» HOW TO COMPLETE THIS TASK:
Please return every record exactly, with no pictures included.

» EXCERPTED RECORDS:
+ + + + + + +
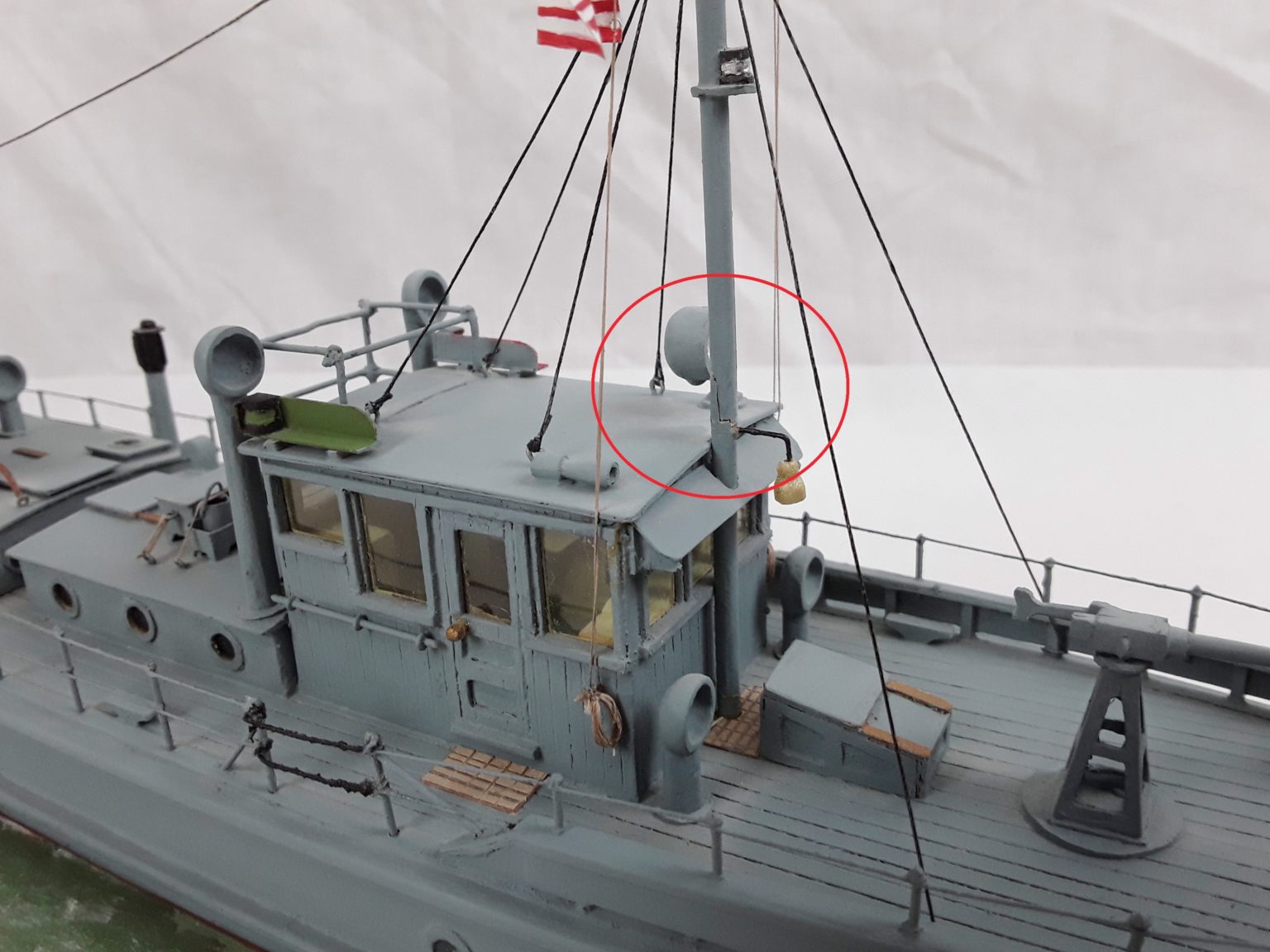 Scratch Built Waterline Model Boat Of Us Coastguard Cutter Cg Circa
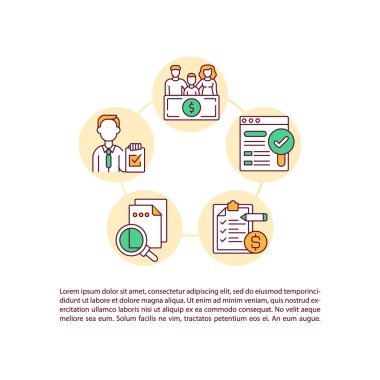 Metinli temiz enerji üretim izni konsepti simgesi. PPT sayfa vektör şablonu nasıl uygulanır. Küresel ısınma Çevre. Broşür, dergi, kitapçık tasarım ögesi doğrusal çizimler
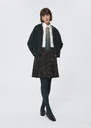 Jannie Skirt green checkered Vert anglais TARA JARMON UK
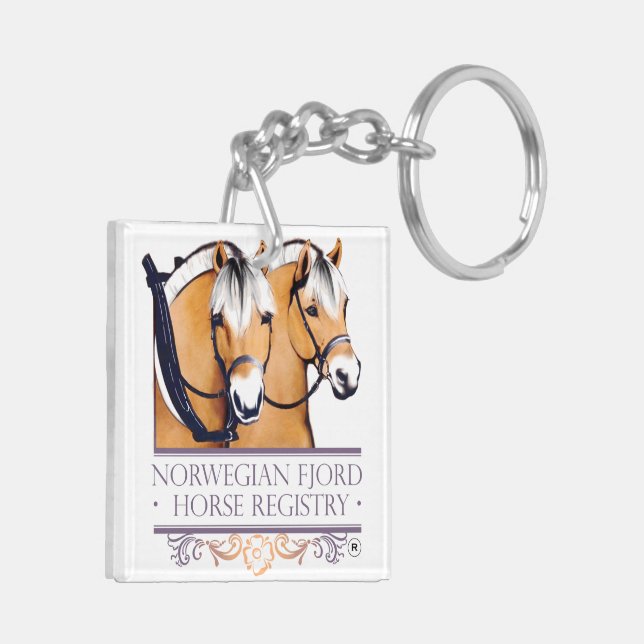 NFHR-logotypen kvadrerar Keychains (Vänster Baksida)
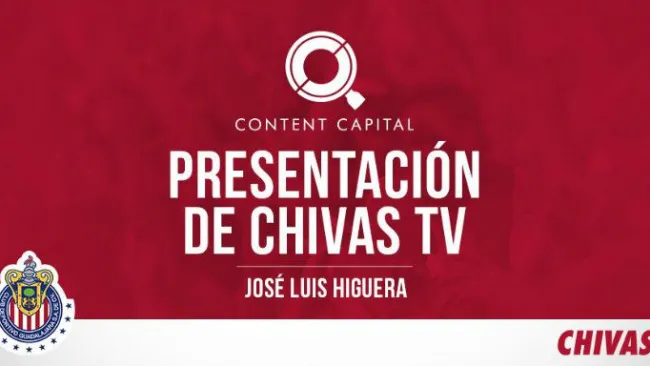 Anuncio de la presentación oficial de Chivas TV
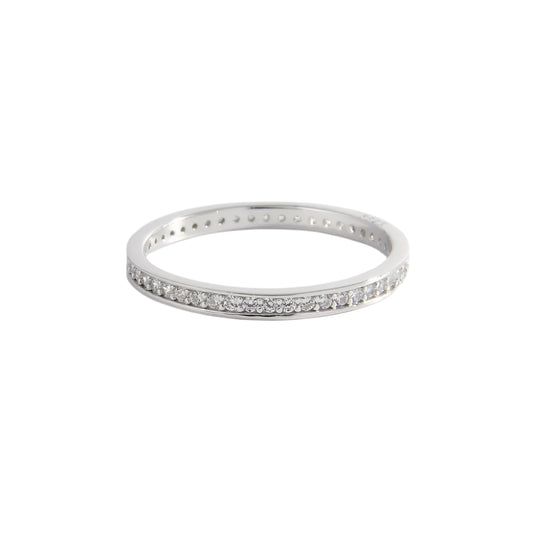 925 Sterling Silver Inlaid Zircon Ring - Fashion Jewelry by Chic Yana's Fashion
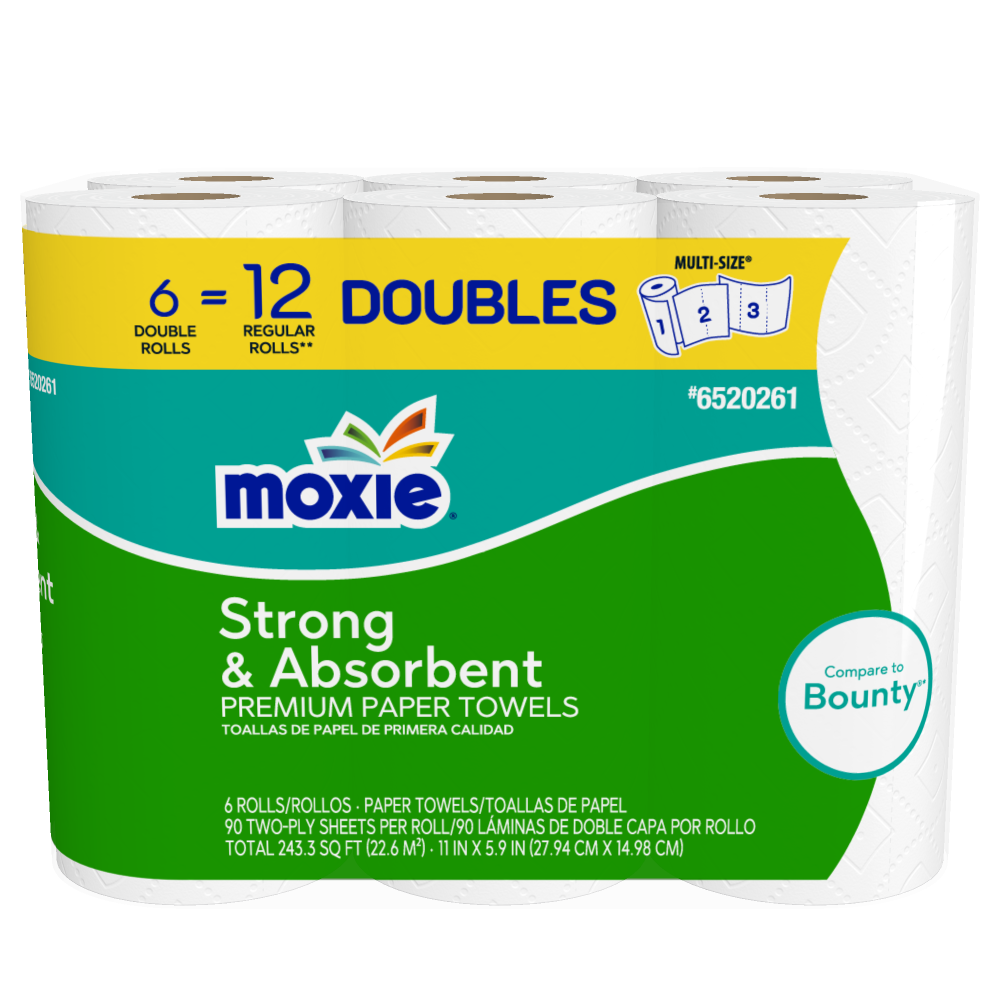 MOXIE 82929 Moxie Ultra 612 Roll SS White Paper Towels 6 -Count Paper Towels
+ + + + + + +
» EXERCISE RESULT:
 Scratch Built Waterline Model Boat Of Us Coastguard Cutter Cg Circa
 Metinli temiz enerji üretim izni konsepti simgesi. PPT sayfa vektör şablonu nasıl uygulanır. Küresel ısınma Çevre. Broşür, dergi, kitapçık tasarım ögesi doğrusal çizimler
 Jannie Skirt green checkered Vert anglais TARA JARMON UK
 NFHR-logotypen kvadrerar Keychains (Vänster Baksida)
 Anuncio de la presentación oficial de Chivas TV
 925 Sterling Silver Inlaid Zircon Ring - Fashion Jewelry by Chic Yana's Fashion
 MOXIE 82929 Moxie Ultra 612 Roll SS White Paper Towels 6 -Count Paper Towels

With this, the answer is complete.